Last updated July 5, 2018 at 4:38 pm
New research answers a question that once bemused Charles Darwin.
Naturalists, amateur and pro, all know that many species of baby spiders disperse from their birthplaces by means of extending a silk thread and then floating away through the air.
Especially keen-eyed naturalists, however, might have noticed that the little wee things can occasionally be seen drifting off on days when there is not the faintest breath of breeze.
At first blush, this seems impossible. However, research by Erica Morley and Daniel Robert, both from the University of Bristol in the UK, reveals that wind is not at all essential for the phenomenon of spider ballooning, as it’s termed. Indeed, even on gusty days, it might not be involved at all.
Ballooning spiders have been found four kilometres up in the air, and more than 100 kilometres from their starting points. The behaviour has been a focus for research for a couple of centuries. Indeed, Charles Darwin once mused upon it while sitting on the deck of the Beagle, watching hundreds of baby arachnids float by. He came to no conclusions.
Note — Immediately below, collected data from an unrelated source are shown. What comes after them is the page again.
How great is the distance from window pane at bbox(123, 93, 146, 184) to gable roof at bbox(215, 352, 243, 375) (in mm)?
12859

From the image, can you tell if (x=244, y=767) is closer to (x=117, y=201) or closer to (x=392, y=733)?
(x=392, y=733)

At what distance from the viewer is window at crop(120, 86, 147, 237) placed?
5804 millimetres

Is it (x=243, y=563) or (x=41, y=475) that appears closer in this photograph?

In a paper published in the journal Current Biology, Morley and Robert show that the force that stimulates and governs airborne spider dispersal is not wind at all, but electricity.
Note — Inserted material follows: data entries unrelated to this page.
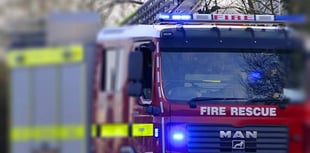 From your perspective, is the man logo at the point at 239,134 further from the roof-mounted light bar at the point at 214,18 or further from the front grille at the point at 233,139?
the roof-mounted light bar at the point at 214,18

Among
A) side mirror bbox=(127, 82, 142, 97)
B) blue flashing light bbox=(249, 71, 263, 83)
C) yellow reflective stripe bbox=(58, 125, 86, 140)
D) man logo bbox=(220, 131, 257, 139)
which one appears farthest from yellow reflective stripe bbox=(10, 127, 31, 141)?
blue flashing light bbox=(249, 71, 263, 83)

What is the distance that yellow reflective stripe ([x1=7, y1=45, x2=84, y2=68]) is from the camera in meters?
6.96

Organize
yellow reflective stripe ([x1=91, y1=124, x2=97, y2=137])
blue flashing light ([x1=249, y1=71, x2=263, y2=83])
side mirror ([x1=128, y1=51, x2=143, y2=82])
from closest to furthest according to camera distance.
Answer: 1. yellow reflective stripe ([x1=91, y1=124, x2=97, y2=137])
2. side mirror ([x1=128, y1=51, x2=143, y2=82])
3. blue flashing light ([x1=249, y1=71, x2=263, y2=83])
Young take off on silk strands
To make their findings, the researchers used spiders from the family Linyphiidae, all characterised by being very small.
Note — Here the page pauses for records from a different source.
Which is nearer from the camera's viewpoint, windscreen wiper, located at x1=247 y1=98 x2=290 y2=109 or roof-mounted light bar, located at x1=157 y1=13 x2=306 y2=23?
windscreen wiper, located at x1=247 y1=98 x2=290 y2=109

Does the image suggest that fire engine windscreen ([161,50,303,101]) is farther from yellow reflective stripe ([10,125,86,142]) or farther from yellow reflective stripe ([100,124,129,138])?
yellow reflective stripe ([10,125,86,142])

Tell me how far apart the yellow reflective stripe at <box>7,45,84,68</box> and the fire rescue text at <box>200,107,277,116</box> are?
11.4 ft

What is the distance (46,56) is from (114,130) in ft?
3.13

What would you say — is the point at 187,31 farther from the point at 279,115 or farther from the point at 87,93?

The spiders were bred inside closed containers, which were by definition free of wind. When the young hatched, Morley and Robert set up electric fields inside the enclosures. When the fields reached particular strengths – corresponding to those generated between the Earth and the ionosphere, and known as the atmospheric potential gradient (APG) – the spiders let out silk strands and took off.
Detection of the electric fields, the researchers established, is made by special sensory hairs called trichobothria. The hairs, once activated, also stimulate the production of silk.
This did not occur at all APG values – potentially explaining why mass spider flights occur on some days but not on others – but within the effective range the electrostatic strength was sufficient to also provide lift and propulsion.
“We don’t yet know whether electric fields are required to allow spider ballooning,” says Morley. “We do, however, know that they are sufficient.”